Observability»

This guide provides recommendations for monitoring your Self-Hosted Spacelift installation to ensure it's running correctly. Proper monitoring helps identify potential issues before they impact your operations and ensures the reliability of your Spacelift infrastructure.

Metrics to Monitor»

Core Services»

The following table shows the core metrics that you should monitor for each of your Spacelift services:

Service	Metric	Description
Server	CPU usage	Processor utilization
	Memory usage	RAM consumption
Load balancer	Response time	Time to process API requests
	Error rate	Percentage of 5xx responses
Scheduler	CPU usage	Processor utilization
	Memory usage	RAM consumption
Drain	CPU usage	Processor utilization
	Memory usage	RAM consumption
Database	CPU usage	Processor utilization
	Memory usage	RAM consumption
	Connection count	Active DB connections

Message queues»

The Drain service uses a number of different message queues to perform asynchronous processing of certain operations. The main metric you should monitor for the message queues is the queue length. When the drain is operating correctly, messages should be processed very quickly and you should not expect to see large backlogs (hundreds of messages) for long periods of time.
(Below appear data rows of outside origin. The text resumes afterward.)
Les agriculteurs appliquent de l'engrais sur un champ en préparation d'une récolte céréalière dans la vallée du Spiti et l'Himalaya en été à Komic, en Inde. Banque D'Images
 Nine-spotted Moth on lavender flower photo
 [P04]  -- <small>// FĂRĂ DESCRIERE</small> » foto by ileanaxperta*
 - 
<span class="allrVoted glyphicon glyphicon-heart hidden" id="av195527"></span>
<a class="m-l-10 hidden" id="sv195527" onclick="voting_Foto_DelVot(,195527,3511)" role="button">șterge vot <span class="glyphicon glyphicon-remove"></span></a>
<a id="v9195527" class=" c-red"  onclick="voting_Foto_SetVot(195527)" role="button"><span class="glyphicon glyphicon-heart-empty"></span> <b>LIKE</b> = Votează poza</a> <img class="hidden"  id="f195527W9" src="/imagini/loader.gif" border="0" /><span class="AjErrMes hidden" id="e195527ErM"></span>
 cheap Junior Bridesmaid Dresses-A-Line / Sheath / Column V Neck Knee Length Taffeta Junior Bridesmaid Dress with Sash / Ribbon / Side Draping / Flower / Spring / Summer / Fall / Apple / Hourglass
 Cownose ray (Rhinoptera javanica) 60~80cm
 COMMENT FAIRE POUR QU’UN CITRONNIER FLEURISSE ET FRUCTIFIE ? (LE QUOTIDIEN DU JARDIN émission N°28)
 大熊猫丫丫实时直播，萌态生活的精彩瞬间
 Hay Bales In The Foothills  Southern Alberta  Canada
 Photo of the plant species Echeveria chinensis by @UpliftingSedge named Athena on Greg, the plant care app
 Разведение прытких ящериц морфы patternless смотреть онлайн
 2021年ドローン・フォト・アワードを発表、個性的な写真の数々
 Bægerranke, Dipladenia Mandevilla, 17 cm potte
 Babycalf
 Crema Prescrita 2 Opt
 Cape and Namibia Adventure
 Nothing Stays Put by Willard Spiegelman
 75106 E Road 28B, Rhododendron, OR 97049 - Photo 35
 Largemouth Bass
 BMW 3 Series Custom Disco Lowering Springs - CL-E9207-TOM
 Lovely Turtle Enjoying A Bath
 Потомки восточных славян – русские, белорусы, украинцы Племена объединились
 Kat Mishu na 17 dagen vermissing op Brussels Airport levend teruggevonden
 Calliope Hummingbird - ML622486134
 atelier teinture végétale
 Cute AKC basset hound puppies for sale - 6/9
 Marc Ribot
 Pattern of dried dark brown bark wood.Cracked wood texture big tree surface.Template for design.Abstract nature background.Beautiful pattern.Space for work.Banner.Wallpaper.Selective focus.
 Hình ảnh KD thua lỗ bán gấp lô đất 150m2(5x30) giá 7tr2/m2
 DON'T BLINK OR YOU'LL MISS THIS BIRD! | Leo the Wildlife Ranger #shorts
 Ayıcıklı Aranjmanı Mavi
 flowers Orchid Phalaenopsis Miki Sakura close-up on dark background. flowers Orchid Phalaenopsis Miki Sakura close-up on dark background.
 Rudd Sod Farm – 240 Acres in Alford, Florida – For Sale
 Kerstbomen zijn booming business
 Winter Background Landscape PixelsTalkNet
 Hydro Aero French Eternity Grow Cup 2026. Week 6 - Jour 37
One caveat to this is the webhooks queue. Because webhooks processing involves making lots of requests to your source control system, they can sometimes take several minutes to process. It is not unusual to see small backlogs on the webhooks queue, or messages that take several minutes to process. This is ok as long as the messages are eventually being processed and the queue length is not constantly increasing.

The message queue length is easy to monitor for SQS-based message queues - you can use the ApproximateNumberOfMessagesVisible metric provided by SQS.

For the postgres-based message queue however, you will need telemetry enabled. When telemetry is enabled, we expose the following metrics:

postgres_queue.messages.sent (counter) - incremented when a message is sent to the queue.
postgres_queue.messages.received (counter) - incremented when a message is received from the queue.
postgres_queue.messages.changed_visibility (counter) - incremented when a message visibility is changed.
postgres_queue.messages.deleted (counter) - incremented when a message is deleted from the queue.
postgres_queue.messages.total (gauge) - total number of messages in the queue.
postgres_queue.messages.visible (gauge) - number of visible messages in the queue.

Worker Pool Controller (Kubernetes)»

For Kubernetes worker pool deployments, you can monitor the worker pool controller using Prometheus metrics. These metrics are available in the spacelift_workerpool_controller namespace. See the Controller metrics section for more details.

Metric	Description
`spacelift_workerpool_controller_run_startup_duration_seconds` (histogram)	Time between when a job assignment is received and the worker container is started
`spacelift_workerpool_controller_worker_creation_errors_total` (counter)	Total number of worker creation errors
`spacelift_workerpool_controller_worker_idle_total` (gauge)	Number of idle workers
`spacelift_workerpool_controller_worker_total` (gauge)	Total number of workers

Telemetry»

Telemetry and tracing can help diagnose complex issues but is not required for basic monitoring. If you decide to implement tracing:

Configure an appropriate backend (Datadog, AWS X-Ray, or OpenTelemetry).
Focus on high-value traces (API requests, run execution, etc.).
Use sampling in production to reduce overhead.

Refer to the Telemetry reference for configuration options.

Logging»

Setting up proper log collection is strongly recommended - it’s a key part of running a healthy self-hosted installation. Without it, identifying and fixing issues becomes much harder and more time-consuming.

The sections below outline what logs are available and how to collect them across the different components of your Spacelift setup.

Core services»

All 3 core services (server, scheduler, and drain) log to stdout and stderr. We at Spacelift primarily use traces for debugging, so you won't find many "info" level logs. On the other hand, errors and terminal failures will be present.

Docker-based worker pools»

Our Docker-based worker pools log to /var/log/spacelift/error|info.log files.

Note that in case of a startup failure, the worker will terminate immediately so you won't have a chance to see the logs. We provide an option to not terminate on failure for the below two types of deployments:

Cloudformation - the worker pool deployment stack has a PowerOffOnError variable. If set to false, the worker pool will not terminate on startup failure.
terraform-aws-spacelift-workerpool-on-ec2 Terraform module - this module has a selfhosted_configuration variable that must be provided for self-hosted installations. The variable has an embedded power_off_on_error field.

Kubernetes-based worker pools»

The Kubernetes-based worker pools log to stdout and stderr. The documentation has a dedicated section on troubleshooting that provides more details on how to retrieve logs. You can use any Kubernetes log collection tool (e.g., Fluentd, Fluent Bit, Loki) to collect and aggregate these logs.